## Supplied data
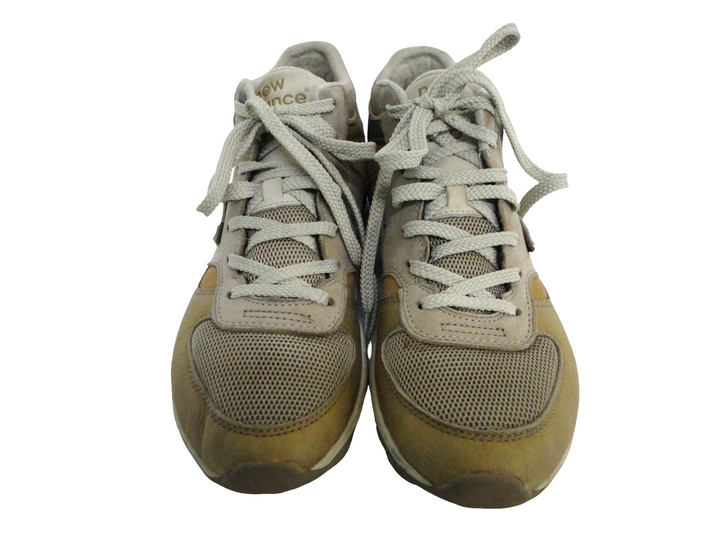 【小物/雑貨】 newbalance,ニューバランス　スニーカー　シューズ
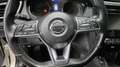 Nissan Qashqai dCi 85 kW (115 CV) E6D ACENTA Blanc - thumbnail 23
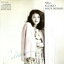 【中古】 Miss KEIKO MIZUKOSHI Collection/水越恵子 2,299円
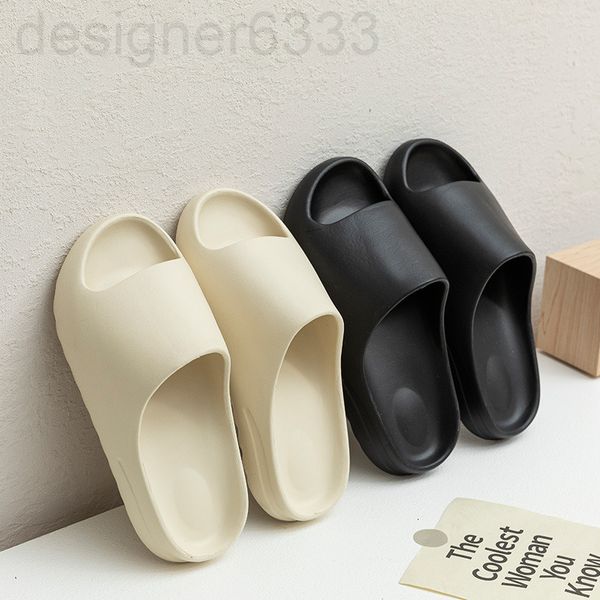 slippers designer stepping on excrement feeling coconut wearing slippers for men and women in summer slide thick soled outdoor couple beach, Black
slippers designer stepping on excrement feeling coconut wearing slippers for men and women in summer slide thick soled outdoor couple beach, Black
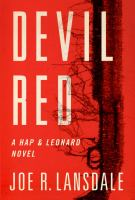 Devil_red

## What to work on
Once the images are dropped, set down the remaining material word for word.

## Answer box
 【小物/雑貨】 newbalance,ニューバランス　スニーカー　シューズ
 Nissan Qashqai dCi 85 kW (115 CV) E6D ACENTA Blanc - thumbnail 23
 【中古】 Miss KEIKO MIZUKOSHI Collection/水越恵子 2,299円
 slippers designer stepping on excrement feeling coconut wearing slippers for men and women in summer slide thick soled outdoor couple beach, Black
slippers designer stepping on excrement feeling coconut wearing slippers for men and women in summer slide thick soled outdoor couple beach, Black
 Devil_red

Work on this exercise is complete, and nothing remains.